- Opening Delimiter -

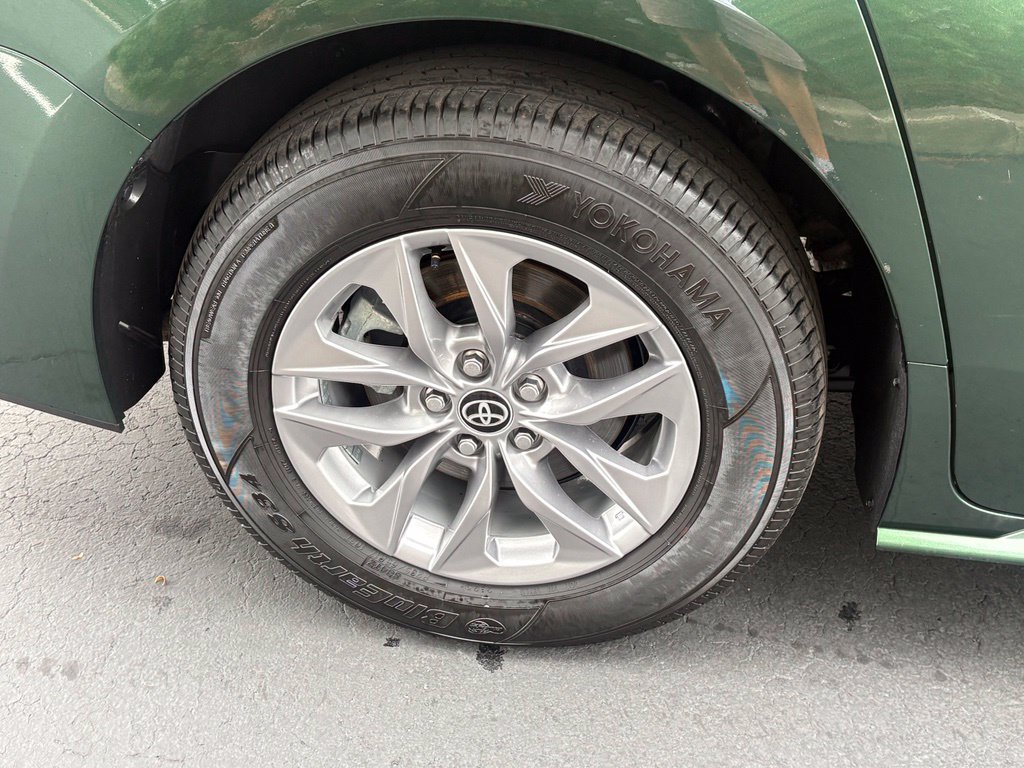 Used 2026 Toyota Sienna XLE FWD image 17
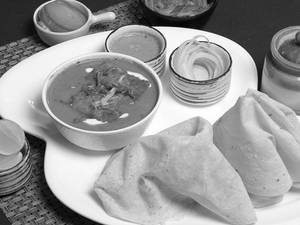 Soya Chaap Gravy + Roomali Roti (2 Pcs)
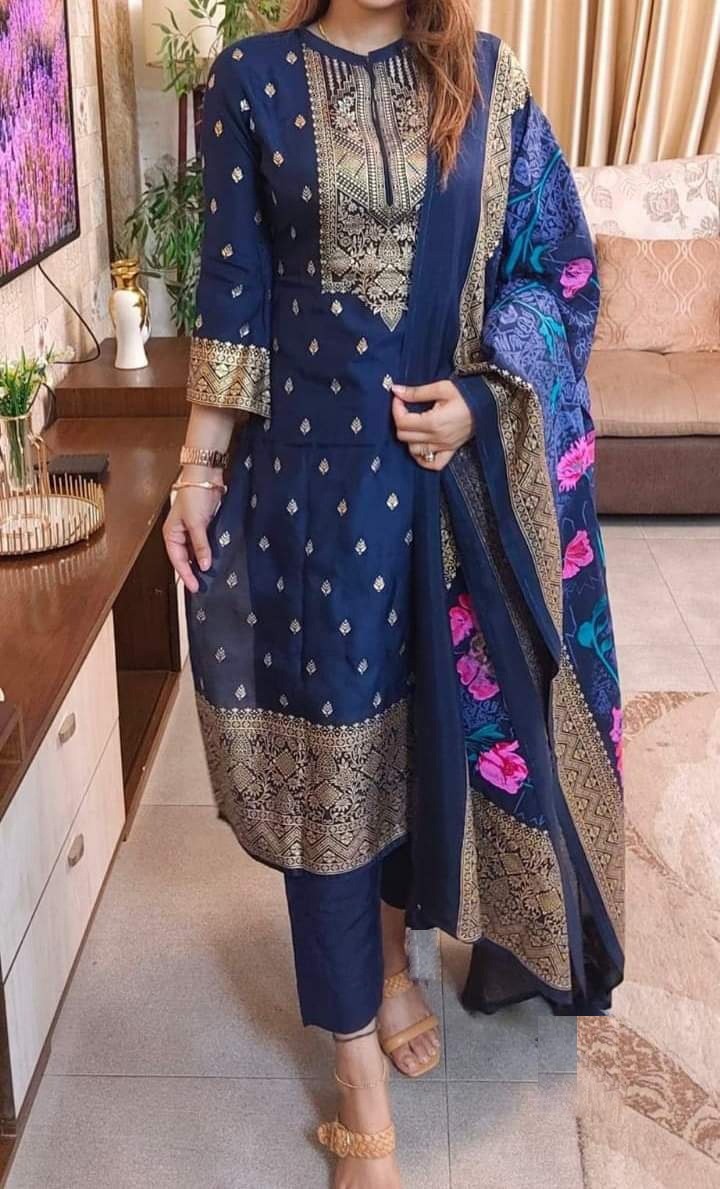 আকর্ষণীয় ডিজাইনে কটন থ্রি পিস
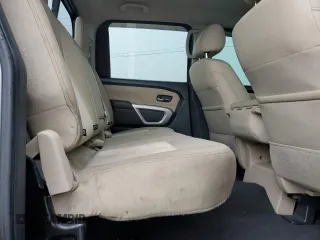 2017 Nissan Titan SV z VIN 1N6AA1EJ1HN572201, wystawiony jako Copart lot #54066705 z przebiegiem Nie podano mil oraz Czysty tytuł • Clean title. Historia ofert i sprzedaży dostępna na DreamBid. Obrazek 10.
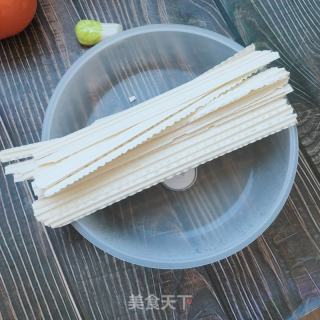 大骨汤刀削面的做法步骤：2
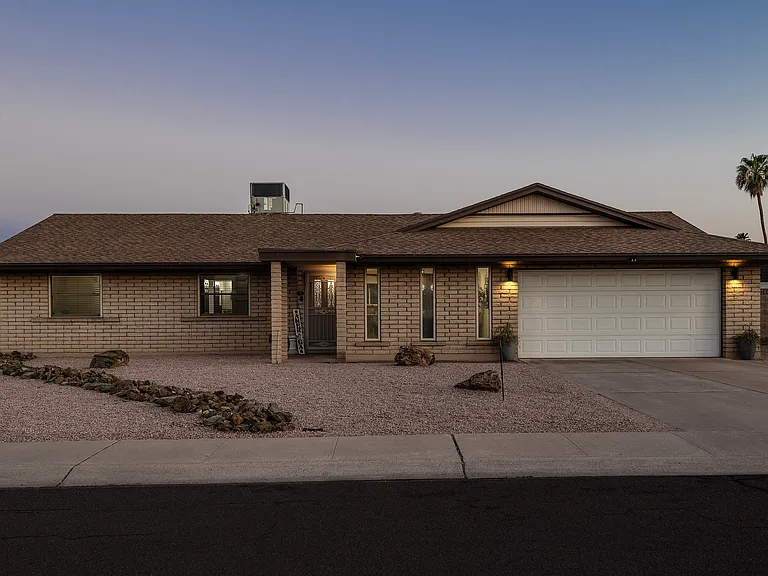 3121 E Sierra St — Photo 2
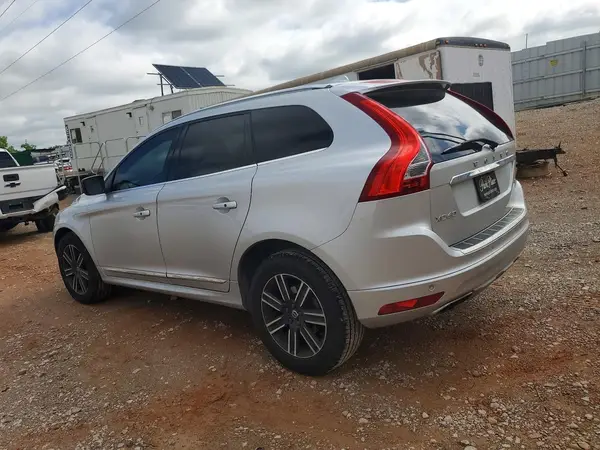 YV440MDK5G2850156 2016 VOLVO XC60 - Image 2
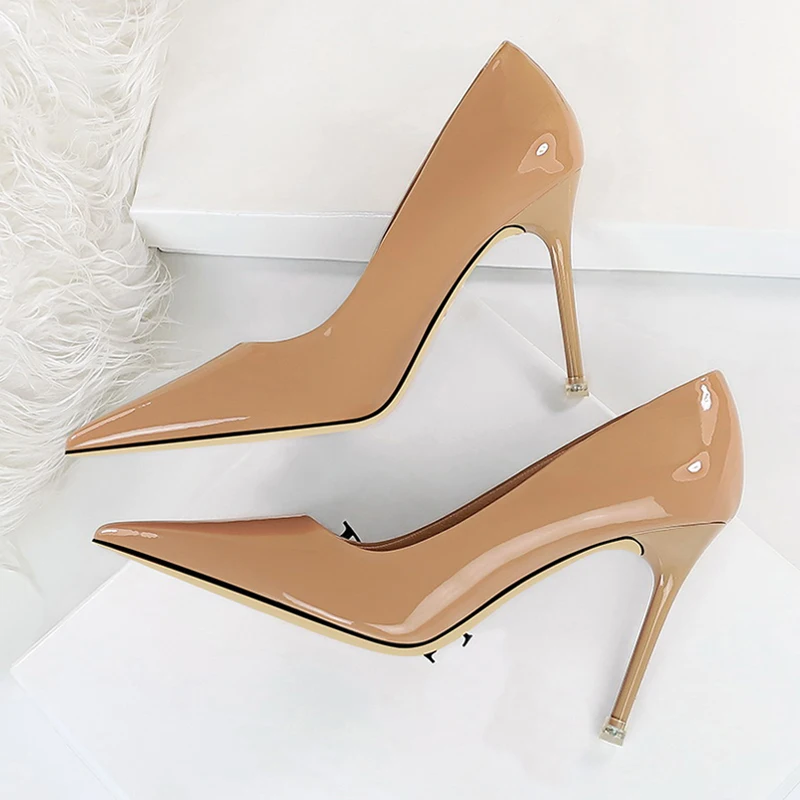 

New Women Pumps Brand High Heels Black Patent Leather Pointed Toe Sexy Stiletto Shoes Woman Ladies Plus Big Size 42 43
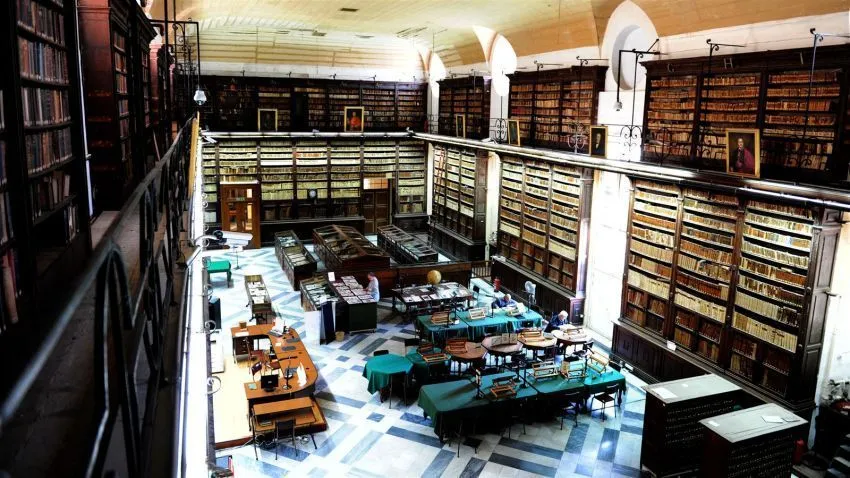 Yakin Kamu Nggak Suka Perpustakaan? Kalau Perpustakaan Yang Ini Gimana? 80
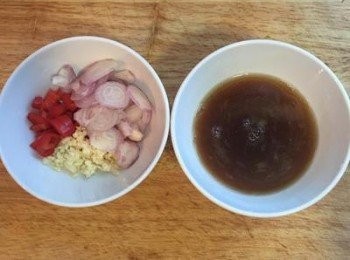 step5: 取另一個碗，將檸檬汁擠入，加入魚露，糖和香油混勻，接著加入溫開水攪拌到糖都溶化，試吃醬汁的鹹度，並用鹽做調整，接著便可倒入裝辛香料的碗中拌勻後用保鮮膜包好放冰箱冷藏備用。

- Closing Delimiter -

** Task statement **
The records must be copied with no word altered, and without their pictures.

** Reply to the task **
 Used 2026 Toyota Sienna XLE FWD image 17
 Soya Chaap Gravy + Roomali Roti (2 Pcs)
 আকর্ষণীয় ডিজাইনে কটন থ্রি পিস
 2017 Nissan Titan SV z VIN 1N6AA1EJ1HN572201, wystawiony jako Copart lot #54066705 z przebiegiem Nie podano mil oraz Czysty tytuł • Clean title. Historia ofert i sprzedaży dostępna na DreamBid. Obrazek 10.
 大骨汤刀削面的做法步骤：2
 3121 E Sierra St — Photo 2
 YV440MDK5G2850156 2016 VOLVO XC60 - Image 2

New Women Pumps Brand High Heels Black Patent Leather Pointed Toe Sexy Stiletto Shoes Woman Ladies Plus Big Size 42 43
 Yakin Kamu Nggak Suka Perpustakaan? Kalau Perpustakaan Yang Ini Gimana? 80
 step5: 取另一個碗，將檸檬汁擠入，加入魚露，糖和香油混勻，接著加入溫開水攪拌到糖都溶化，試吃醬汁的鹹度，並用鹽做調整，接著便可倒入裝辛香料的碗中拌勻後用保鮮膜包好放冰箱冷藏備用。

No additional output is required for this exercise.